Medicaid needs relief amid COVID crunch

By Jeff Graham

The COVID-19 pandemic has burdened an already strained health care system for months without an end in sight for some of the most at-risk populations, including the LBGT community, seniors, and those with pre-existing conditions. It has also reflected, as a result of systematic inequalities, staggering health disparities within Black and Latino communities.

These populations are some of the most reliant on an overwhelmed Medicaid program that has been pushed to its limits by the crisis.


Medicaid covers one in five Americans, and nearly 2 million people rely on it in Georgia.

In its next pandemic relief package, Congress must provide additional federal funding to support increased enrollment in our state Medicaid program due to COVID-19.

Millions of Americans have lost their jobs because of the pandemic, and an estimated 5.4 million have lost health coverage as a result. That means more people are forced to look to Medicaid for coverage, adding significant strain to the program.

In addition to providing access to treatment and lifesaving care, Medicaid is critical to addressing health disparities prevalent in communities that face systemic inequalities in our system.

Since the Affordable Care Act’s Medicaid expansion option became available in 2014, significantly more members of the LGBTQ community, people with disabilities, people of color, and low-income non-elderly adults have gained health coverage. Unfortunately, Georgia is one of more than a dozen states that still have not expanded their Medicaid programs. New research shows that states that failed to expand Medicaid have been unable to mount effective responses to the pandemic and the economic downturn.

We need a federal aid package for health care workers — in emergency rooms, intensive care units and assisted living facilities — who are risking their lives daily to treat Georgians who have contracted COVID-19. These workers have faced unprecedented challenges, like shortages of personal protective equipment.
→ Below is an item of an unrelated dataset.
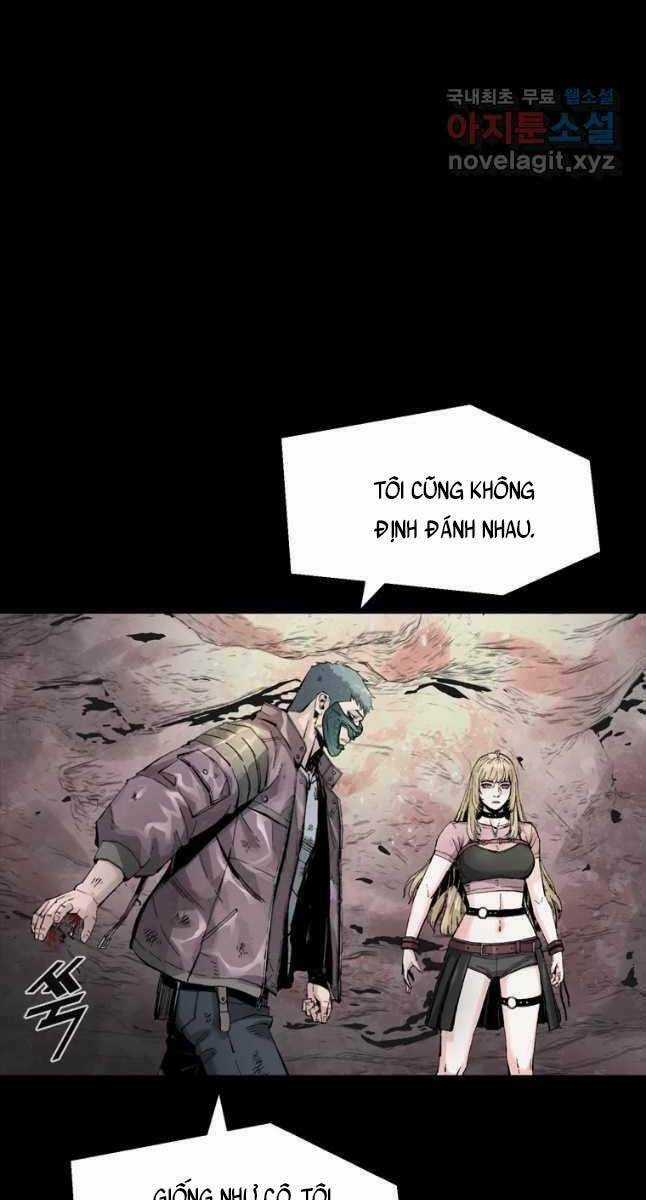 Mật Mã Mê Cung Chapter 49 trang 54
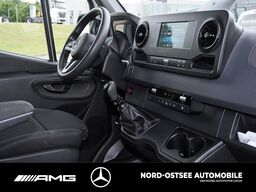 Mercedes-Benz SPRINTER 314 L2H2 STDHZG AHK KLIMA MBUX TEMPOMAT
Health care workers shouldn’t be forced to reuse masks or surgical gowns that are meant to be disposed of between infected patients.

Sixteen Georgia advocacy organizations, including Georgia Equality, recently sent a letter asking Congress to immediately increase federal funding for Medicaid and support for health care workers to mitigate the damage from its inadequate response to the COVID-19 crisis. We hope they act soon.

The health of patients and health care workers in Georgia remains at serious risk while we wait.

Jeff Graham is the executive director of Georgia Equality, an organization that works to advance fairness, safety and opportunity for gay, lesbian, bisexual and transgender communities throughout Georgia. Jeff began advocating on LGBT and AIDS-related issues as a college student in the mid-1980s and has continued his advocacy on these issues since that time. He has been involved in a wide variety of grassroots and legislative advocacy campaigns and has served as either an executive director or board member to a number of local and national organizations working on issues related to gay and transgender rights, access to health care, community empowerment and HIV/AIDS. Jeff has received numerous awards and recognition for both his advocacy and nonprofit work.